Airplanes are not built in the quantities that cars are. Cars are not subjected to the kind of critical life-threatening stresses aircraft are.

Anyway this blog seems full of disgruntled people who don't like change and are just looking for something to criticize. Focus on the president if you want something to criticize. How did such an idiot become commander in chief? Sorry that’s another issue.

Boeing is on the right track with modular using composite-material construction, and for that matter much of the A380 is composite too. And have not parts of the 777 been made of composites for years, i.e. the entire vertical stabilizer (tail)?

And when the 747 "morphs" into a mostly composite and modular build aircraft it obviously would be an all new plane and design not just a modified 747. Does everything have to be spelled out in detail for you gentlemen and ladies? I am a post 70-year-old structural engineer and applaud Boeing, and also have no connection directly or indirectly to aircraft production.

Looking very much forward to seeing the 787 fly. It’s sure to have many bugs to be worked out but this is great stuff. I’m just wondering how many 747’s of the type and age that had the fuel tank explosion (i.e. TW800) are still flying. What’s to stop another one of those popping the same way? Now there is a valid concern.

64Plus said...

Interesting comments from the 70-year old view. The disgruntlement is related to perceived (and I'm not sure it's wrong) arrogance. Give me time, and I'll explain what that might mean or how the interpretation might have come about.

The 787 will go forward. We don't know the amount of time it'll take. Any bets on that? Or, the extent of changes required?

Thank you for bringing up the 747 tank fire. Many knew about the risk before; now, was that set so small that they were easily suppressed by managers? An Air Force guy told me the problem right after the accident, long before the investigation.

Remember how difficult it was for everyone to even consider the fuel tank. Many thought that they saw a missile.

Think the shuttle too. One of the comments related to this thread pointed to mind-set problems found in review of that accident.
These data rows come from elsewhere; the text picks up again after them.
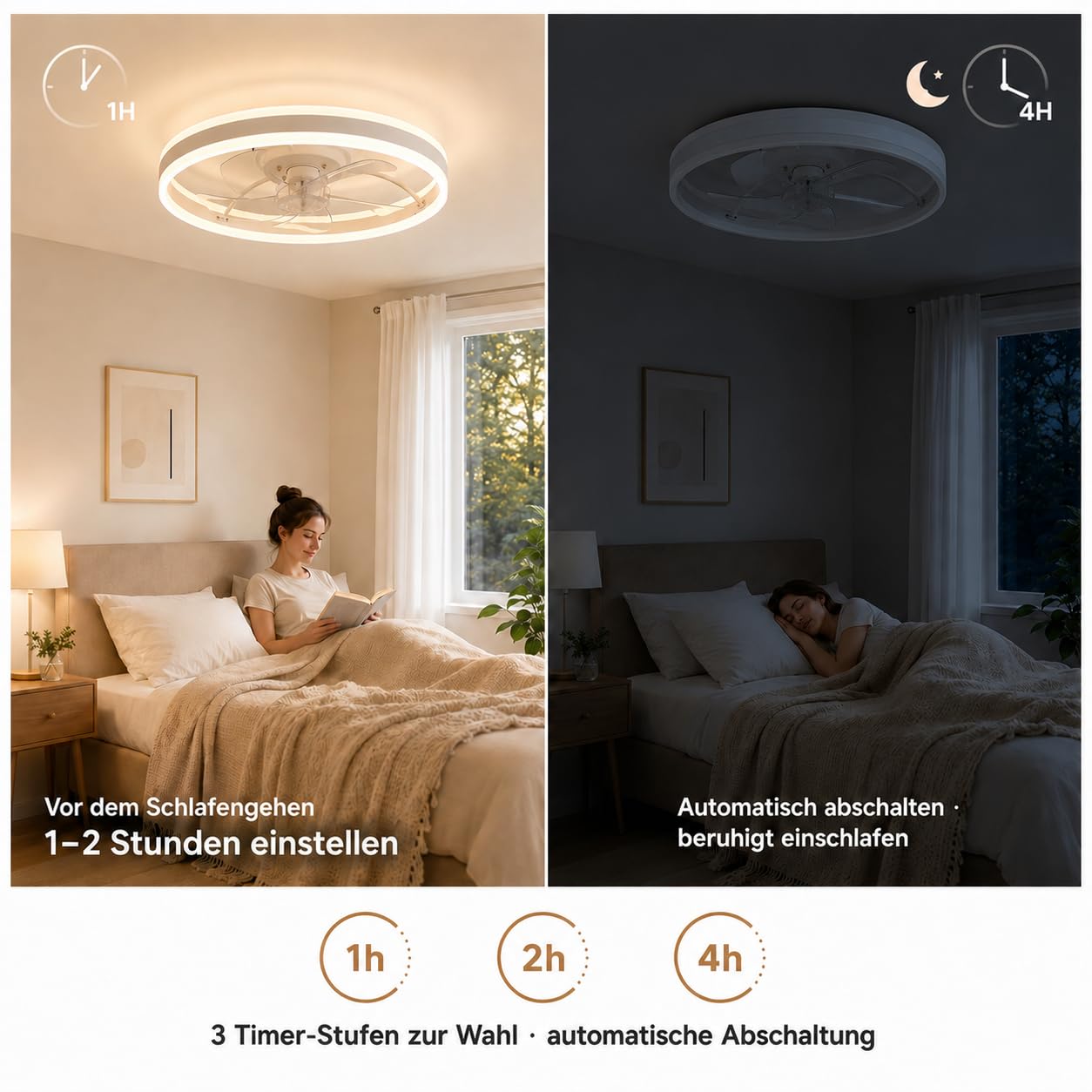 Deckenventilator mit Beleuchtung IEGLED, Fernbedienung und APP Steuerbar, 3000K-6000K, DC-Motor, 6-Stufige Geschwindigkeitsregelung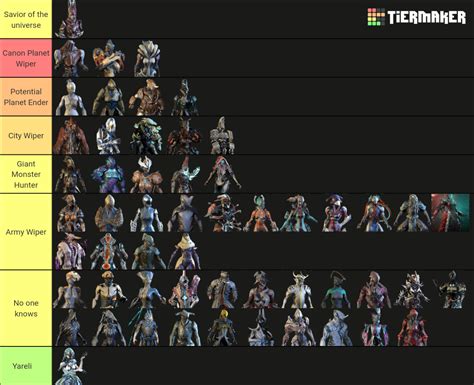 Warframe Lore Powerscaling tier list : r/memeframe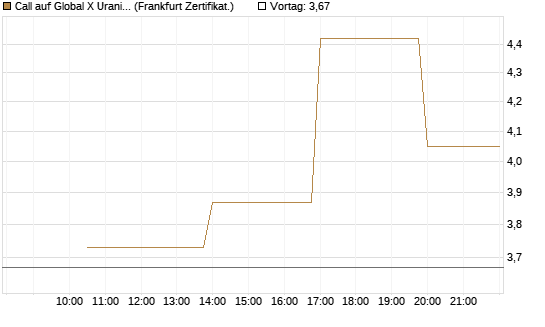 Call auf Global X Uranium ETF [Vontobel] Chart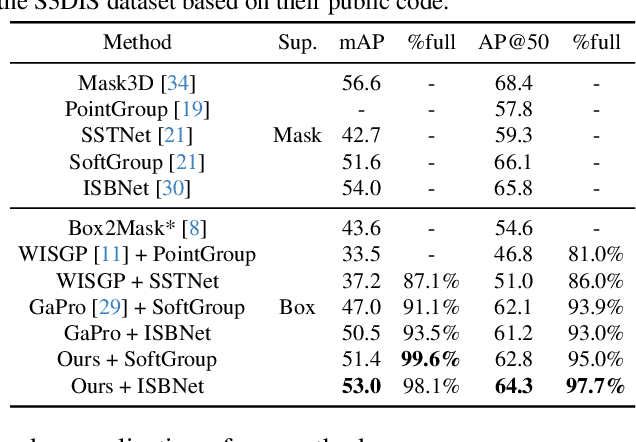 Figure 4 for BSNet: Box-Supervised Simulation-assisted Mean Teacher for 3D Instance Segmentation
Back to the 787, the program does not know what they don't know, as they say. Our main concern is that they don't cut corners in order to one-up Airbus on some stage that has a silly foundation.

Anonymous said...

your initial post did not mention anything about the flight control software contrary to post you were not the first to report the entire problem with the 787 delay

Anonymous said...

Well, it doesn't matter that jon was mainly kept abreast of matters on the floor. After all, the software isn't of any use if the plane, itself, is not ready.

So, remember that all along the FF date has unattainable, yet there was no adjustment (say, like on 7/8/07 being honest about when it might be).

Software types are unbelievably optimistic sometimes; in terms of earned value, software is hard; almost done is a mantra, almost.

About the software, it's very unnerving to hear Mike say that they only have a few more tweaks to the software. That is not a sign of configured software, rather it sounds like a bunch of hacks (not disparaging hacks as much software needs to be done in a very agile framework - our dilemma is how to engineer under this type of framework).

Anonymous said...

To give the software guys some credit, they get stuck with making all the last minute changes. Hardware can't be changed so easily, so the hardware guys are automatically off the hook. As the Gantt chart builds like a tsunami towards first flight, becoming ever more vertical, the integration effort rises to a roaring froth with hardware and software violently clashing together. Engineers struggle to make it all play nicely, and the path of least resistance is usually to change the software. The predictable result, as the Gantt chart wave finally breaks against the shoals of the deadline, is that software gets blamed for being 'late'. All my sympathies to the software folks at Boeing and Honeywell.